A Spartan lifestyle, his only ambition was to place classical dance on the pedestal he had envisaged and propagate it to the younger generation who would carry the mantle after him. As years rolled by, the ethical generation into which Nataraja was born had given way to a commercial era where any performing art rose to the level of a commodity driven by market forces. Many of his age and ilk chose to flow with the current but not him. Research thrives only on rewards and recognition. To him, they were few and far too late. But his intensive research of ancient dance was based on practical experience transformed into a book of letters.

A romantic at heart, it was his dream to resurrect the glory of yesteryear art and culture by building a monument of the legendary singer-dancer duo of the erstwhile Qutb Shahi reign, Taramati-Premavathi. He had weaved a historical fiction in the form of a book on these two artistes. Finally, a few years ago, his dream was realised in what we now call the Taramati Baradari. He said then, that he felt as if he won an invaluable trophy.

His extended family were his pupils, the foremost being Kalakrishna, a dancer of repute in our state. Says Krishna (that's how Nataraja Ramakrishna referred to his ‘adopted' son), “I spent 38 years with him, as his disciple. I had come to Hyderabad from my hometown Karimnagar as a school teacher. I came under his tutelage with my penchant to learn dance. And there was no looking back. He taught me with utmost dedication and on seeing my first performance in a female impersonification as Satyabhama, he decided that I should concentrate on dance and leave everything else. I promptly left my future in his hands. And from then on he charted the course of my life. He was a task master as a guru; while I had my food he would be my mother and in taking care of my needs and guidance, he donned the role of my father. He was so many persons rolled into one. He never liked me or any of his pupils to travelby bus or rickshaw. It was demeaning to an artiste, he would say and ask us to travel by autorickshaw for which he would pay. I lived with him till I got married after which, he lived with me,” a tinge of sadness creeps in.

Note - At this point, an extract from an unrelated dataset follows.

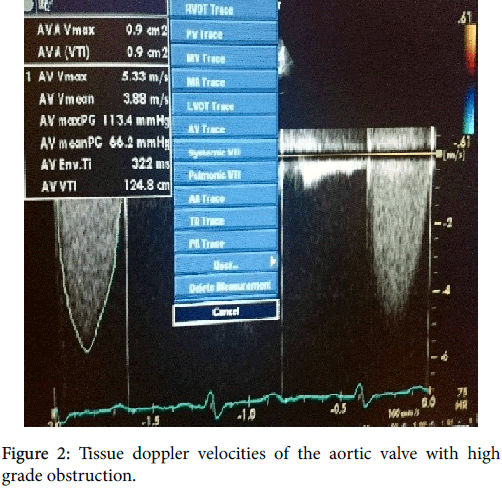 clinical-diagnosis-research-Tissue-doppler-velocities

Nataraja Ramakrishna had antagonised his parents and relatives and faced their wrath by not just choosing a vocation that was not “respectable for a man” in his times, but by visiting the houses of dancing devadasis (temple dancers), he learnt the nuances of abhinaya (expression) and adavu patterns (footwork) from them in a sort of gurukul system. He had expressed his deep regard for the scholarship of these devadasis during many an interview. “They were adept in Panchamaha kavyas. They were dance, song and poetry literate plus highly evolved souls whose purity surpassed the norms of socio-moral order,” he would declare. He practised what he preached. He took care of some of these devadasis like Saride Manikyamma in their old age, by giving them shelter under his roof. The man was pure, the purpose of his life purer and what he betrothed to his innumerable pupils was the purest form of art. Men like him are rare today. His soul lives in his art and is carried forward by his disciples.